A next-generation standard in visual performance is on its way, ushering in a new wave of visual clarity for entertainment. Due to exorbitant launch costs, 4K UHD has been out of the mainstream consumer’s reach, making it another inaccessible commodity.

With the recent fall in 4K monitor prices, PC gamers are curious if this is the right time to adopt the new tech. To answer this we’ll take a look at the pros and cons of Ultra HD and how it compares in performance, value and fidelity to today’s visual standard.


The real cost of 4K gaming

4K can earnestly reduce jaggies and anti-aliasing artifacts, letting a game’s true colors shine through in brilliant displays.

But this graphical prowess comes at a cost, and as cost is usually something that perturbs the ilk of everyday gamers, 4K isn’t for everyone.

Enthusiast PC gamers, on the other hand, are driven by their hobby–performance is indeed an art form, and as such, they’re willing to sacrifice a portion of their wallet for gaming predominance. It is also gaming enthusiasts that will instantly notice one of 4K’s main drawbacks: it requires some serious hardware to hit 60 frames-per-second.

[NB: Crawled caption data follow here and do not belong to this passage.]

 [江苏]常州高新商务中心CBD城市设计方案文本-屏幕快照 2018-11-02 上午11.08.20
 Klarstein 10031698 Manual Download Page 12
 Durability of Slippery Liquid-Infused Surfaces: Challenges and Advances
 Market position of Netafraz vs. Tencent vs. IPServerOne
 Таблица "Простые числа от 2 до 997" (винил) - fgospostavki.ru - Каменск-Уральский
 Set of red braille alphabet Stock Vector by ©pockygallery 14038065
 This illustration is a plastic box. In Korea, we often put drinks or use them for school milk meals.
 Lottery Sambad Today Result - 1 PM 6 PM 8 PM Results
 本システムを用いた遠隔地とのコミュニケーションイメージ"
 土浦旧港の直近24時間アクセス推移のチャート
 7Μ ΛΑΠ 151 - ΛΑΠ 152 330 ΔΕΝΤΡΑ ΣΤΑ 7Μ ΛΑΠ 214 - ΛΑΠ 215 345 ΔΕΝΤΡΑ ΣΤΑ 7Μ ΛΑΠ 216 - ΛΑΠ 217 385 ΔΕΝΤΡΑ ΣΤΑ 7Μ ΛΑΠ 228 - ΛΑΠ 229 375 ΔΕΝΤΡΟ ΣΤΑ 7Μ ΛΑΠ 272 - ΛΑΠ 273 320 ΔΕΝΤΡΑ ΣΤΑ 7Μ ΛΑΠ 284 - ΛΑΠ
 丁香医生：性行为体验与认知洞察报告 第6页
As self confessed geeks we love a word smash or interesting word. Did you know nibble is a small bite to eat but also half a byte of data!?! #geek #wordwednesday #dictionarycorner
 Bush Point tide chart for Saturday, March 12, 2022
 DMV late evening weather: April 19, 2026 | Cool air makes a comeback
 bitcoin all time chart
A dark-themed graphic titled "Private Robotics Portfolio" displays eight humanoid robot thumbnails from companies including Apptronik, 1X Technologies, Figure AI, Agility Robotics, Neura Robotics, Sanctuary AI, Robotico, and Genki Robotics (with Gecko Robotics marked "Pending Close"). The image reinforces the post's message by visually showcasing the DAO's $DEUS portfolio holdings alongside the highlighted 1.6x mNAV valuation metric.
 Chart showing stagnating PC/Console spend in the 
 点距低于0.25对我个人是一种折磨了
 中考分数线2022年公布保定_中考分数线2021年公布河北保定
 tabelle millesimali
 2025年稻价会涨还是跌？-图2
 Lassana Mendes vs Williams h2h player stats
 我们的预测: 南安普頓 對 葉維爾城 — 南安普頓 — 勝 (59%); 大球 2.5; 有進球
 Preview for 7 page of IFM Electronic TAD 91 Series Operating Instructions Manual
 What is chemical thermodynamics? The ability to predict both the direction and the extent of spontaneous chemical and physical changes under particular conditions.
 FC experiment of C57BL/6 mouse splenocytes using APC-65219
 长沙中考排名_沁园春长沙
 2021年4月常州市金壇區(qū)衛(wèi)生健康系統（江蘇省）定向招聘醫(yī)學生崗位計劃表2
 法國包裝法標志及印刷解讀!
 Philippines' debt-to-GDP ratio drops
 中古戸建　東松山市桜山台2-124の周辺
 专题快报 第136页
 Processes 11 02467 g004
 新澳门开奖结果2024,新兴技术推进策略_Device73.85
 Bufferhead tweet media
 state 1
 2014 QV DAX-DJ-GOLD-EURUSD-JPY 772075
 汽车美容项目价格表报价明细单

Today’s enthusiast gaming rigs can comfortably run full 1080p HD in 60 fps on Ultra settings, providing for blistering fast and responsive in-game performance. This is largely due to the time that the hardware has had to catch up with the current HD standard.

To become a practical gaming solution for everyone, hardware will need that same timeframe to adapt to this new environment. As it stands it’s still too early to adopt 4K simply because of a wealth of issues that range from high hardware requirements, OS menu scaling problems, and in-game image scaling discrepancies.


Modern PC gamers have become accustomed to a certain standard–that is the age-old 1080p 60fps creed. But 4K can only fully sustain one of these fronts, leaving 30fps the normal range for many AAA games.

There are ways to push the frames-per-second past this by rigging up a series of GPU’s in tandem, but this could take up to $1000 of hardware plus a lot of tedious software and hardware tweaks.

What’s more is that 4K isn’t compatible with older operating systems like Windows 7. Even in Windows 8.1 images can be strained and scaled improperly, leading to some seriously tiny menus. Now with four times as much space any desktop will have teeny icons, but this is a direct result of the hardware and software not being adequately optimized for the new resolution.

While 4K can show an old game in an entirely new dimension, it also can muddle things up quite a bit too. Things like menu interfaces and in-game text can be scaled terribly and erratically, leading to some steadily building headaches. Essentially it’s up to users to find fixes around these glitches and bugs, and most of the time the solutions simply aren’t there.

4k asus

Conclusion: Not there yet, but maybe soon

4K is definitely an alluring prospect and is something that’s best left on the horizon for practical everyday gamers. The enthusiasts who find sport and hobby in pushing their gaming hardware to the limit can find enjoyment in the new graphical resolution, but for the rest of us Ultra HD is best left in the future rather than the present.

Today 4K monitors like the Samsung U28D590D can be had for as little as $559 (which is small potatoes compared to their initial $1000+ price tags).

But when we take into account that being an enthusiast PC gamer is pretty much a must, the 4K experience will cost you a lot more than just picking up a new monitor off of Newegg–it’ll take a decent gaming rig and you’ll almost assuredly run into unforeseen roadblocks or annoyances that come with the territory of new tech.

The early adopters of 4K are paving the way for the resolution to become the new standard in gaming, but it might take some time before it’s ready for the general populace. For now, Ultra HD should be treated as experimental rather than performance-driven gaming: it’s a look into the future, but as we all know too well, no looking glass is without its flaws.